- Born: 27 June 1910 Paris, France
- Died: 13 January 2002 (aged 91) La Rochelle, Charente-Maritime, France
- Occupations: Illustrator, comics artist

= Pierre Joubert (illustrator) =

French illustrator and comics artist

Pierre Joubert (June 27, 1910 - January 13, 2002) was a French illustrator and comics artist. He was closely associated with the creation of Scouting and the popular look of Boy Scouts in France and Belgium, comparable to the American artist Norman Rockwell.

==Biography==

Pierre Joubert was born in Paris. Joubert was a young Scout himself, and attended the École des Arts Appliqués in Paris. His first amateur drawings appeared in Scouts de France in 1926. He graduated to the magazine L'Illustration in 1927 through 1934, but continued increasingly to focus on Scout-centered art in Scouting publications.
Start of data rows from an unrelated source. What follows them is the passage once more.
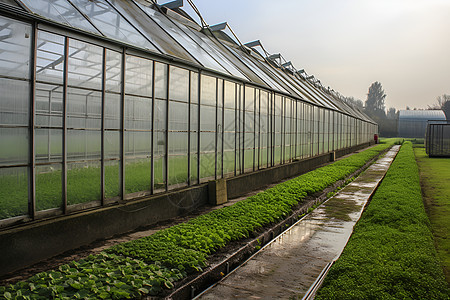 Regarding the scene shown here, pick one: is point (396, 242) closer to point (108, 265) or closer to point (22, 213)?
point (108, 265)

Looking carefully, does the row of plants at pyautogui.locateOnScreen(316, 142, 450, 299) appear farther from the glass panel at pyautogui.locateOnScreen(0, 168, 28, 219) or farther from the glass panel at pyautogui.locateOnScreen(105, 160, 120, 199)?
the glass panel at pyautogui.locateOnScreen(0, 168, 28, 219)

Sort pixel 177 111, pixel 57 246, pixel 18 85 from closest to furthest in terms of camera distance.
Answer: pixel 18 85
pixel 57 246
pixel 177 111

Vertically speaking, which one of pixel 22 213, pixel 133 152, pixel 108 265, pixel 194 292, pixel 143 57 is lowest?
pixel 194 292

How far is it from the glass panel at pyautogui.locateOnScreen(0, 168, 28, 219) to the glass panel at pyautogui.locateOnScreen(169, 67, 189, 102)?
5123 mm

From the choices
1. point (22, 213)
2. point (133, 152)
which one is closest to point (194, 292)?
point (22, 213)

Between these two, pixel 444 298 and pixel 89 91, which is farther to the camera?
pixel 89 91

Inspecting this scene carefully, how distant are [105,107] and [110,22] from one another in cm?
257

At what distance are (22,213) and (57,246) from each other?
0.99 metres

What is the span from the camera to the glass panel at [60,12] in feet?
23.5

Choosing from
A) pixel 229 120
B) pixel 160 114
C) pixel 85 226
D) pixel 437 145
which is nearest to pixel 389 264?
pixel 85 226

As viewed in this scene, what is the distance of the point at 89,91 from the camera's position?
832cm

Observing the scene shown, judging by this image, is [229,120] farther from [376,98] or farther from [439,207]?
[376,98]

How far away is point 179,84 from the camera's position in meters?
11.2

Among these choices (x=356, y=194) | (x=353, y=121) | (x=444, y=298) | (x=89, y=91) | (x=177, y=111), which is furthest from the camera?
(x=353, y=121) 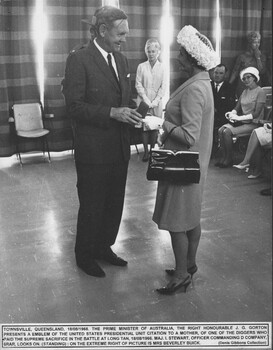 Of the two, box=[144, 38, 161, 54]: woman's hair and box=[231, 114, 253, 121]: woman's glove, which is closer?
box=[231, 114, 253, 121]: woman's glove

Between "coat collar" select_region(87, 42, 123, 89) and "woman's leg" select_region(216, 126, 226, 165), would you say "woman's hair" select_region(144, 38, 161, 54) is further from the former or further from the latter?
"coat collar" select_region(87, 42, 123, 89)

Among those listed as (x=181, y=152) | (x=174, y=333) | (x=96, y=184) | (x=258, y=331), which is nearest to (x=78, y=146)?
(x=96, y=184)

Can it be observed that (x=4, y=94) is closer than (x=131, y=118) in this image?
No

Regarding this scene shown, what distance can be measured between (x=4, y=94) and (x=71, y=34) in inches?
27.5

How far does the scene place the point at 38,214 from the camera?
415cm

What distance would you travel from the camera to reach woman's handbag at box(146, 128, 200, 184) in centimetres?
258

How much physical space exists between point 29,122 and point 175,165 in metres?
3.24

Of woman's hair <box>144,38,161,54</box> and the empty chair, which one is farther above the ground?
woman's hair <box>144,38,161,54</box>

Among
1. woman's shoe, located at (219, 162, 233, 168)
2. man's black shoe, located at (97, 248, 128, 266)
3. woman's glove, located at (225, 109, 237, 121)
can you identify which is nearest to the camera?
man's black shoe, located at (97, 248, 128, 266)

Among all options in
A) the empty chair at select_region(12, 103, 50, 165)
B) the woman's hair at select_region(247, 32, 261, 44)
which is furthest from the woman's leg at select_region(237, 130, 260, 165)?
the empty chair at select_region(12, 103, 50, 165)

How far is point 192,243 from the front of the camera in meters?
2.88

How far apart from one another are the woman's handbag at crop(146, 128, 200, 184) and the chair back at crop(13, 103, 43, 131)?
2.91 meters

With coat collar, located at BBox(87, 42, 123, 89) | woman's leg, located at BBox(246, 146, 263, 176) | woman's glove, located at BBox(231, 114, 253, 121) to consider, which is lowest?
woman's leg, located at BBox(246, 146, 263, 176)

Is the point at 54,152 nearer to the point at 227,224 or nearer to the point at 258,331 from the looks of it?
the point at 227,224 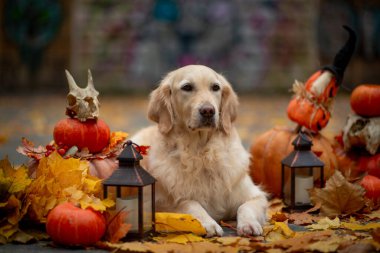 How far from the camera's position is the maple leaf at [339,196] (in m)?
4.20

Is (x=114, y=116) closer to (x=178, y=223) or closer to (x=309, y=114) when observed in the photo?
(x=309, y=114)

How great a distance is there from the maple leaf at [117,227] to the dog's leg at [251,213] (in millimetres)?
754

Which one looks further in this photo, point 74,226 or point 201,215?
point 201,215

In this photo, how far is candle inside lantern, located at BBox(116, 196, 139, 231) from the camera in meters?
3.63

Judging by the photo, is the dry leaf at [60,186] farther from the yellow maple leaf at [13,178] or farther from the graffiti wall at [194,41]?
the graffiti wall at [194,41]

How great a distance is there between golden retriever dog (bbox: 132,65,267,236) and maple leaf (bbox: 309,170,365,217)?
43 centimetres

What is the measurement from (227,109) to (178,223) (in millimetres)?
1012

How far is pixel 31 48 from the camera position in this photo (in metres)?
18.2

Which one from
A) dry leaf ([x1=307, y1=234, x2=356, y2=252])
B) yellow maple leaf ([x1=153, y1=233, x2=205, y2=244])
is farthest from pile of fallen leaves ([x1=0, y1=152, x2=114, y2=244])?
dry leaf ([x1=307, y1=234, x2=356, y2=252])

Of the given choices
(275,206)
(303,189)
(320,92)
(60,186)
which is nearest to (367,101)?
(320,92)

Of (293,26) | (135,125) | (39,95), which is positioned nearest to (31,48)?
(39,95)

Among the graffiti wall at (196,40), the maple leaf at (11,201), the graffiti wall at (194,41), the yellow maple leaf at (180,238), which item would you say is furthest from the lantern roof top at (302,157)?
the graffiti wall at (196,40)

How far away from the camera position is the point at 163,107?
4.37 metres

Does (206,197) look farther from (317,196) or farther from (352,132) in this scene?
(352,132) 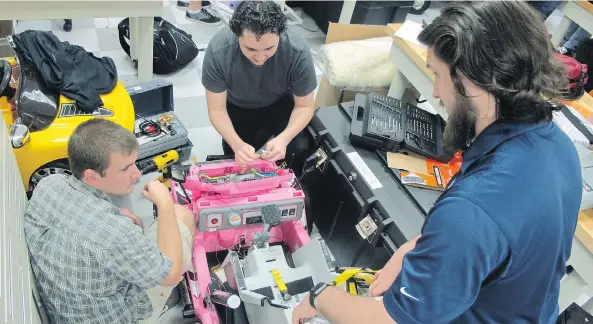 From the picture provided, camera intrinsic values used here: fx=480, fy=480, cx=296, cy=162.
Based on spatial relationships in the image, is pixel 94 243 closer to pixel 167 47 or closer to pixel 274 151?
pixel 274 151

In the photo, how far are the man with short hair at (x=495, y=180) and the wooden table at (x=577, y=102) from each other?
89 cm

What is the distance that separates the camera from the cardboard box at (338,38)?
112 inches

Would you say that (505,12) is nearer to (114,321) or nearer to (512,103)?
(512,103)

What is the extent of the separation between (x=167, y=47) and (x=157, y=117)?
74cm

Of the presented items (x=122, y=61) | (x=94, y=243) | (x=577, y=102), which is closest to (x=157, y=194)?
(x=94, y=243)

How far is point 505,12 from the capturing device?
88 centimetres

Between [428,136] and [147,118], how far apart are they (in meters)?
1.54

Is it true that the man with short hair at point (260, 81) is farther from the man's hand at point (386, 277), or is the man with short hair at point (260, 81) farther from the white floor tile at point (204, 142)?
the man's hand at point (386, 277)

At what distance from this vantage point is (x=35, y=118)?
7.28ft

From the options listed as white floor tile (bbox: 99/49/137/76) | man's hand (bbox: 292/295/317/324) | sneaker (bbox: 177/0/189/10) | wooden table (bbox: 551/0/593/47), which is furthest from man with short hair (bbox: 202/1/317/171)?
sneaker (bbox: 177/0/189/10)

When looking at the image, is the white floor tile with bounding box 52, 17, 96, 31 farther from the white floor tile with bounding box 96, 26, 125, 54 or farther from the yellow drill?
the yellow drill

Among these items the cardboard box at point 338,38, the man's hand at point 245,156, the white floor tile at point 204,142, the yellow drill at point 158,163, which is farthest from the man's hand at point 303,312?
the cardboard box at point 338,38

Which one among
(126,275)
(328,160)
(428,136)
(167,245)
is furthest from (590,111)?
(126,275)

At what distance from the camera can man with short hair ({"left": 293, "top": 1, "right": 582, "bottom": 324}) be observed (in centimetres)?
83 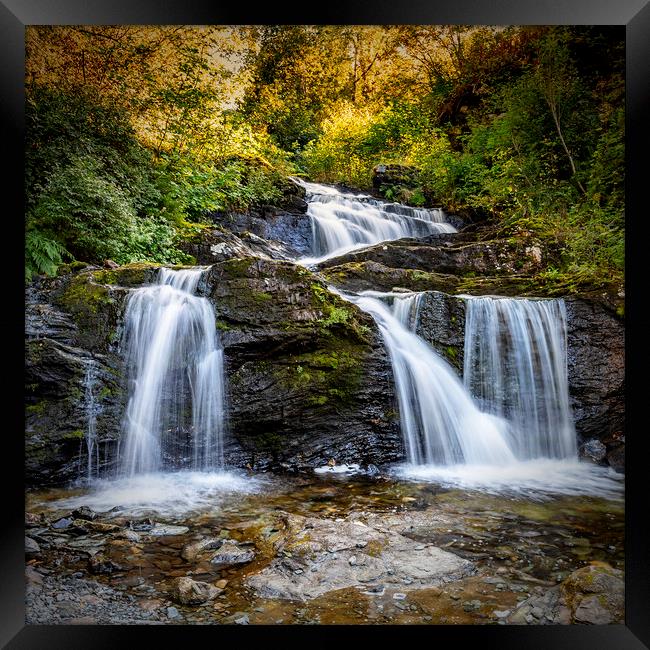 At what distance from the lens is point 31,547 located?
2.53 m

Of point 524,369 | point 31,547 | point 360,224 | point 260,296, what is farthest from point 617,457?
point 31,547

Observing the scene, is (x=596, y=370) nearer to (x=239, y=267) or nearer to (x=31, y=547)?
(x=239, y=267)

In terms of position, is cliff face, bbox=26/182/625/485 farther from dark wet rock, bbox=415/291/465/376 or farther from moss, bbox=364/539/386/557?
moss, bbox=364/539/386/557

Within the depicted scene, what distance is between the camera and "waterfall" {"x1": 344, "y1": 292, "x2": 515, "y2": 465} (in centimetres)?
389

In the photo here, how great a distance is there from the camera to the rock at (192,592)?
216cm

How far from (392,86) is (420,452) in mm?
3584

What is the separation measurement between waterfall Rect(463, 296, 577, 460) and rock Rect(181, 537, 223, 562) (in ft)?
8.59

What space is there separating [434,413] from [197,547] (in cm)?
231

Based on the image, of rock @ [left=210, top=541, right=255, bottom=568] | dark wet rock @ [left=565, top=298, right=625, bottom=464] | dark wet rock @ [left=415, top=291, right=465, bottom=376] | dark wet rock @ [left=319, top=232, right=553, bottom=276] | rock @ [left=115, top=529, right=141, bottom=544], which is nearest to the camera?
rock @ [left=210, top=541, right=255, bottom=568]

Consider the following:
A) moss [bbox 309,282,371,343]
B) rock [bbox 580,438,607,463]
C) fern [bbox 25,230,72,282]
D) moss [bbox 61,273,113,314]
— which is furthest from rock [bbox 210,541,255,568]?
rock [bbox 580,438,607,463]

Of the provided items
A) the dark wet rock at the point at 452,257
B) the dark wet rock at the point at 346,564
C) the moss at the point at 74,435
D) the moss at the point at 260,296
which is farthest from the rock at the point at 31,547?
the dark wet rock at the point at 452,257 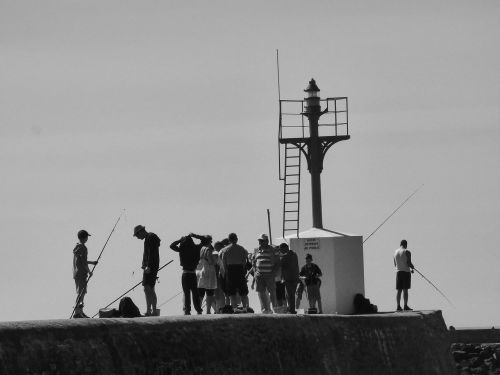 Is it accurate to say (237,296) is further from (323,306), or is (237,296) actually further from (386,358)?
(323,306)

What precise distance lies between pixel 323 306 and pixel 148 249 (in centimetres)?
723

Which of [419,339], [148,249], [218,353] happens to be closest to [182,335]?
[218,353]

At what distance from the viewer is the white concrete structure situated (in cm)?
2669

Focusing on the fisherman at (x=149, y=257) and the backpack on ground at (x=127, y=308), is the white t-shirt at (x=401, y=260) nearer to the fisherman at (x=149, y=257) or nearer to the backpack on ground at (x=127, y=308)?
the fisherman at (x=149, y=257)

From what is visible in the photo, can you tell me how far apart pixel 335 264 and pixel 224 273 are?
4.99m

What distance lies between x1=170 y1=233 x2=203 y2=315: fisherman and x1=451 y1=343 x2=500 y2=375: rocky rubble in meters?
20.4

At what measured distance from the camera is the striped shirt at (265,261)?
74.1ft

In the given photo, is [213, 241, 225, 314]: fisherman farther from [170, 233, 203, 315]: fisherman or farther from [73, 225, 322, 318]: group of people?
[170, 233, 203, 315]: fisherman

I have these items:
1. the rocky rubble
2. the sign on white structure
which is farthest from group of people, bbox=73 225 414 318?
the rocky rubble

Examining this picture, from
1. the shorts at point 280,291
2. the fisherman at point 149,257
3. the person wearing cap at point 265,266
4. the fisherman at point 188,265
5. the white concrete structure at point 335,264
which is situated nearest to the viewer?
the fisherman at point 149,257

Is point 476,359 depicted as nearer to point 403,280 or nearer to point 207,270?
point 403,280

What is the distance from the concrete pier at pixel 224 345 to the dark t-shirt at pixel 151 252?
5.96 ft

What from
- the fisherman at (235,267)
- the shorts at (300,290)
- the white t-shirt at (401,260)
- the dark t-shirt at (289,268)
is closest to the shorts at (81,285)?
the fisherman at (235,267)

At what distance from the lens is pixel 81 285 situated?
20281 millimetres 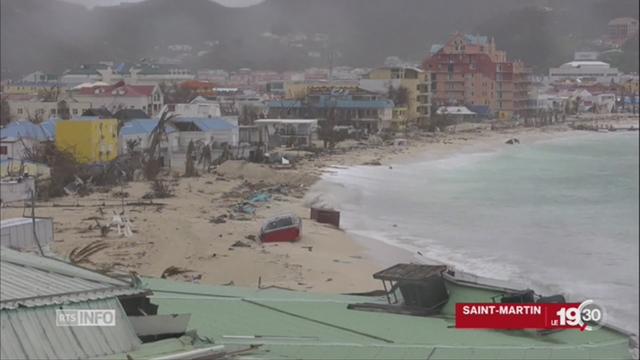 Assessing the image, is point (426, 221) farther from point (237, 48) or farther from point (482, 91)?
point (237, 48)

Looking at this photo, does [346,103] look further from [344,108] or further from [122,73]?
[122,73]

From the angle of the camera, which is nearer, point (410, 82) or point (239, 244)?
point (239, 244)

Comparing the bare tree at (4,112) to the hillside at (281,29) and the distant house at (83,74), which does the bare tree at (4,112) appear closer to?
the hillside at (281,29)

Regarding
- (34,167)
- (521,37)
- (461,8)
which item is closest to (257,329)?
(521,37)

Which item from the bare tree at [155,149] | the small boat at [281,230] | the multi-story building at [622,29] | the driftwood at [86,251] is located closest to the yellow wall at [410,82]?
the bare tree at [155,149]

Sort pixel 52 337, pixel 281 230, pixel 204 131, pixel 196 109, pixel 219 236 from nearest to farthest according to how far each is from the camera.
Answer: pixel 52 337, pixel 281 230, pixel 219 236, pixel 204 131, pixel 196 109

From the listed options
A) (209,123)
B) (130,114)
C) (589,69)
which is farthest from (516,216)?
(130,114) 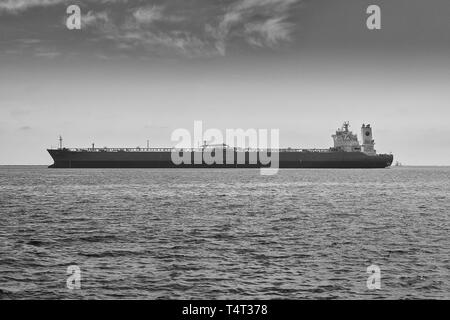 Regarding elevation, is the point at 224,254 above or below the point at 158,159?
below

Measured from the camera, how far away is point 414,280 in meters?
14.4

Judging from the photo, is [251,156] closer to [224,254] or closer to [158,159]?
[158,159]

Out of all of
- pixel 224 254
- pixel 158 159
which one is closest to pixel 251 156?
pixel 158 159

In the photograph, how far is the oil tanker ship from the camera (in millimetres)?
121125

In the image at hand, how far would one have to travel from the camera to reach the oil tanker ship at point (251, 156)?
121 meters

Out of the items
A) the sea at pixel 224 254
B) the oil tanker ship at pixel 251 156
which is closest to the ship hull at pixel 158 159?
the oil tanker ship at pixel 251 156

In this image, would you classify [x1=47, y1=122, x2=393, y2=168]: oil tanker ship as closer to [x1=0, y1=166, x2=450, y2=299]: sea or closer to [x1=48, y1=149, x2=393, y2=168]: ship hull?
[x1=48, y1=149, x2=393, y2=168]: ship hull

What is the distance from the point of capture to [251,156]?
130375 millimetres

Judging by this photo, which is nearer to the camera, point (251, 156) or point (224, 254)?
point (224, 254)

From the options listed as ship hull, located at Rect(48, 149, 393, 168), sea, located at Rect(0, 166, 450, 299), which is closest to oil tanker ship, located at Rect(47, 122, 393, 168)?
ship hull, located at Rect(48, 149, 393, 168)

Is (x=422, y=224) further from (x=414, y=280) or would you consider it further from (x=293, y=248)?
(x=414, y=280) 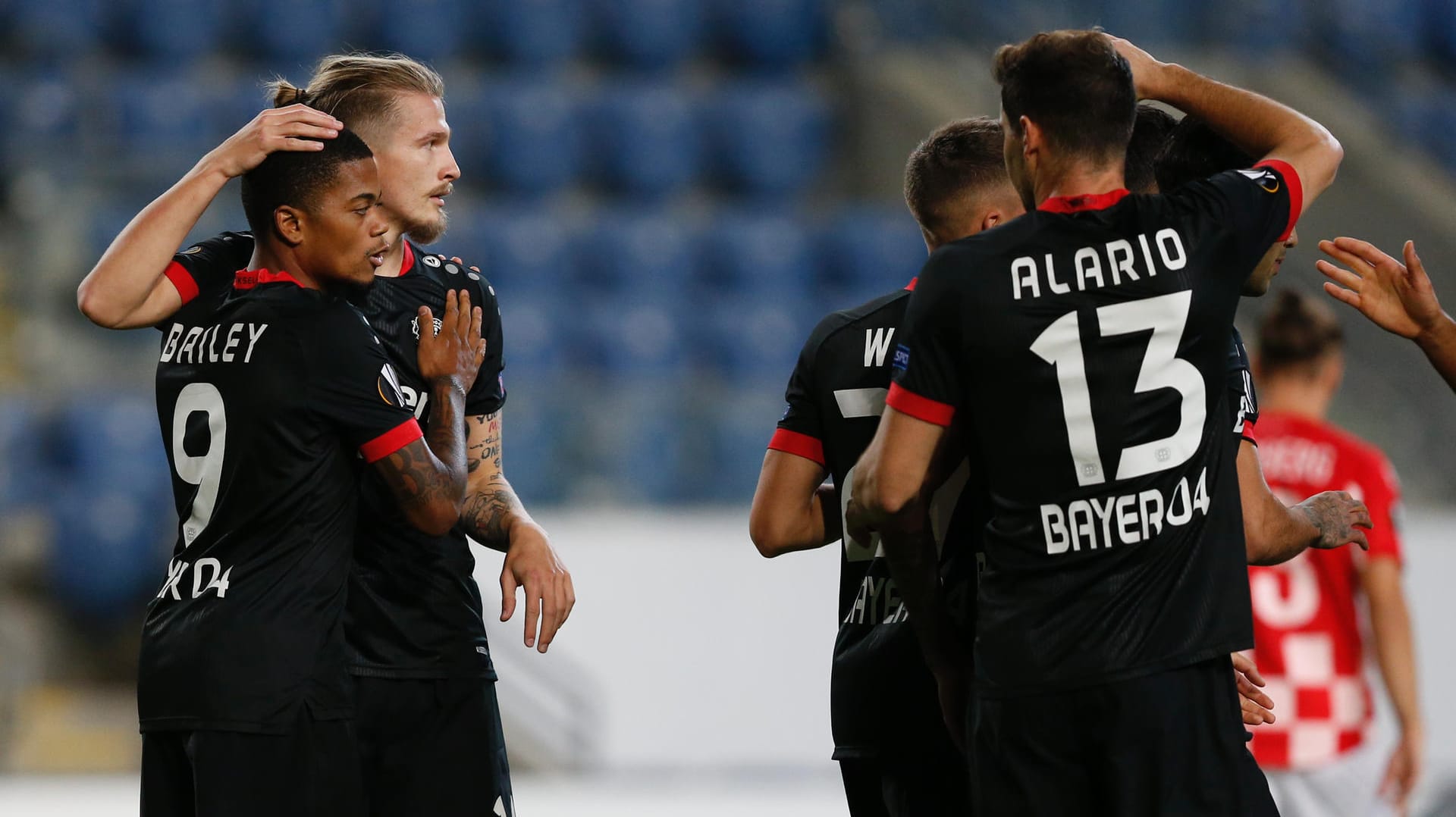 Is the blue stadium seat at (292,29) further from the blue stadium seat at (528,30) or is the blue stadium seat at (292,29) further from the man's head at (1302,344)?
the man's head at (1302,344)

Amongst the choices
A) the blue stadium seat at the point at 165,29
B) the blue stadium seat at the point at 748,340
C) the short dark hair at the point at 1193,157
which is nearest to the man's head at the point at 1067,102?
the short dark hair at the point at 1193,157

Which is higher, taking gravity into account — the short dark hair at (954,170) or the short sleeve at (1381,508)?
the short dark hair at (954,170)

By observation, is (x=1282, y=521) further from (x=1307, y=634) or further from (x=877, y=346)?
(x=1307, y=634)

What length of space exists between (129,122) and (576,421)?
5.00 meters

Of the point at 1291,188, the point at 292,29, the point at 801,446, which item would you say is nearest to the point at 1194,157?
the point at 1291,188

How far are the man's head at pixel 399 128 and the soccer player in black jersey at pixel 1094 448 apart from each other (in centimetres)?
107

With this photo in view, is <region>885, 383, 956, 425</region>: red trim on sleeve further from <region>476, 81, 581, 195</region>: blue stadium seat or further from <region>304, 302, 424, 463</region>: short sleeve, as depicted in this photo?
<region>476, 81, 581, 195</region>: blue stadium seat

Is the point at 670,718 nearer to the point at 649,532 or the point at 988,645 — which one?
the point at 649,532

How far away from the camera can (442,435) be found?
2924mm

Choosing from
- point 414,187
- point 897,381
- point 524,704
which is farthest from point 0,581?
point 897,381

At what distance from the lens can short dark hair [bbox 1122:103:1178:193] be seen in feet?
9.74

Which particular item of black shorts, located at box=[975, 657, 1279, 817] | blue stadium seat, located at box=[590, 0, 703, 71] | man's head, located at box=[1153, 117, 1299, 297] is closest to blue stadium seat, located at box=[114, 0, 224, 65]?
blue stadium seat, located at box=[590, 0, 703, 71]

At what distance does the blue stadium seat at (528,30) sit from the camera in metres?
11.7

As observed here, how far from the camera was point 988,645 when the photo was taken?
2.60m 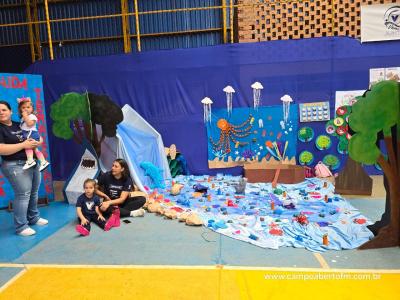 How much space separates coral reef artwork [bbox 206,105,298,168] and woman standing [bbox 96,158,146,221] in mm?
2680

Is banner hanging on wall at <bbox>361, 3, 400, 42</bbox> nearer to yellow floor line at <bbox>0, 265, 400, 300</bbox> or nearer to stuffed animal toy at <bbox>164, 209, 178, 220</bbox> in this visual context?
stuffed animal toy at <bbox>164, 209, 178, 220</bbox>

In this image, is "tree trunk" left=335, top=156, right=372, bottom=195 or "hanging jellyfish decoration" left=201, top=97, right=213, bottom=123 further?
"hanging jellyfish decoration" left=201, top=97, right=213, bottom=123

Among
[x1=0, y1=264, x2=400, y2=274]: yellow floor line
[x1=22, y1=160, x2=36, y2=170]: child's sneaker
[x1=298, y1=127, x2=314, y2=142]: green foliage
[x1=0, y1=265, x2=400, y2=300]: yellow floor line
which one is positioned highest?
[x1=22, y1=160, x2=36, y2=170]: child's sneaker

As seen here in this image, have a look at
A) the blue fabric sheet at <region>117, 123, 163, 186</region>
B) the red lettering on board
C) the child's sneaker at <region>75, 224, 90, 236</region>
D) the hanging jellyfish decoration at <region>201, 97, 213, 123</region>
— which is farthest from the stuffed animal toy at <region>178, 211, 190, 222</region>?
the red lettering on board

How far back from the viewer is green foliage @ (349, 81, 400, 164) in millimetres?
3133

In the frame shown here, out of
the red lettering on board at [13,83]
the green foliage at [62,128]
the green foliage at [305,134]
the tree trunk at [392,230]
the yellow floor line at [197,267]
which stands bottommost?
the yellow floor line at [197,267]

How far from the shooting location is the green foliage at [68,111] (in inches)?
210

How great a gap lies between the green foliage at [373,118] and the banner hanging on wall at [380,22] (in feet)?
12.2

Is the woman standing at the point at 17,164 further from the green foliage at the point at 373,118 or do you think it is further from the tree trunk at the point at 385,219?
the tree trunk at the point at 385,219

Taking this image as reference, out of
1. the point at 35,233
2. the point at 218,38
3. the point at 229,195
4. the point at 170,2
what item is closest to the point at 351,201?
the point at 229,195

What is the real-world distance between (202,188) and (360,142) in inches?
110

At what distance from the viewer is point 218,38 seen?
9.49 metres

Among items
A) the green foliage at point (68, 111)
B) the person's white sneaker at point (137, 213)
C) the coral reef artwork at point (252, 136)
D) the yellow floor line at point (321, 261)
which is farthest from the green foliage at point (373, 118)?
the green foliage at point (68, 111)

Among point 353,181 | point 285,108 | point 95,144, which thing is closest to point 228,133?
point 285,108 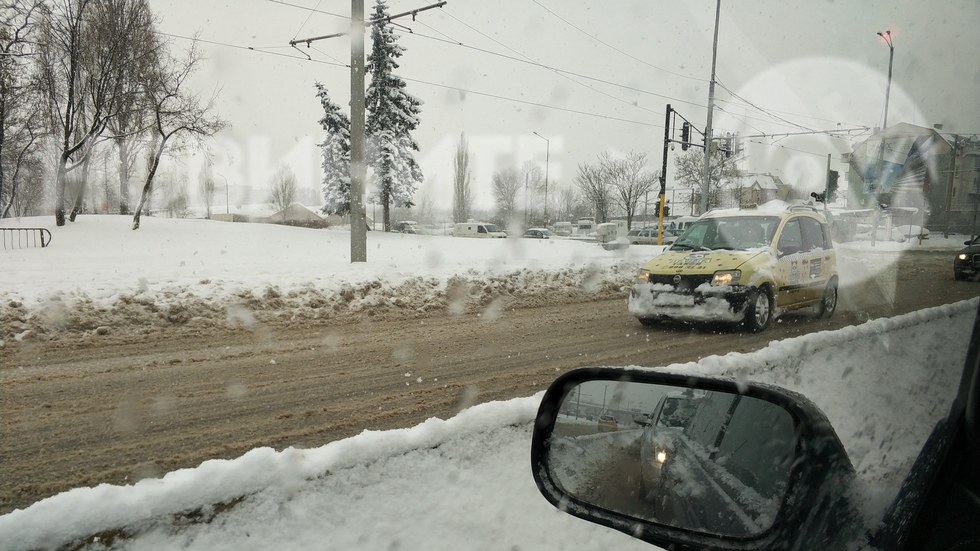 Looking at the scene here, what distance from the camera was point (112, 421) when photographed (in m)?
4.85

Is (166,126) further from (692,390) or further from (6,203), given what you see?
(692,390)

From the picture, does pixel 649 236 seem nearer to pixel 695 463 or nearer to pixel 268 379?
pixel 268 379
Joubert also was an illustrator of calendars, handbooks, boys' adventure novels, particularly the Signe de Piste (Trail Sign) line (where he worked with René Follet). The style of Joubert's illustrations depicted idealized boys experiencing the glories of Scouting and comradeship. Joubert is considered, owing to his eye for trend and his mass-market exposure, to have had reflective influence on boy-culture in France from the 1930s until the close of the 1960s. He made the comic book Gribouille, Scout (1935) and two books of the Pouf series.

Joubert had his controversial side; in the 1940s, the Nazis banned all French Scouting but through Vichy; thus, Joubert worked with Vichy and has been tarred with Nazi collaboration. He also did work for some right-wing Catholic journals and, as with any artist, the particulars of his patrons have been imputed to him. Not long before his death, Joubert produced a large volume of memoirs and reprinted art, Souvenirs en vrac. He died in La Rochelle at age 91.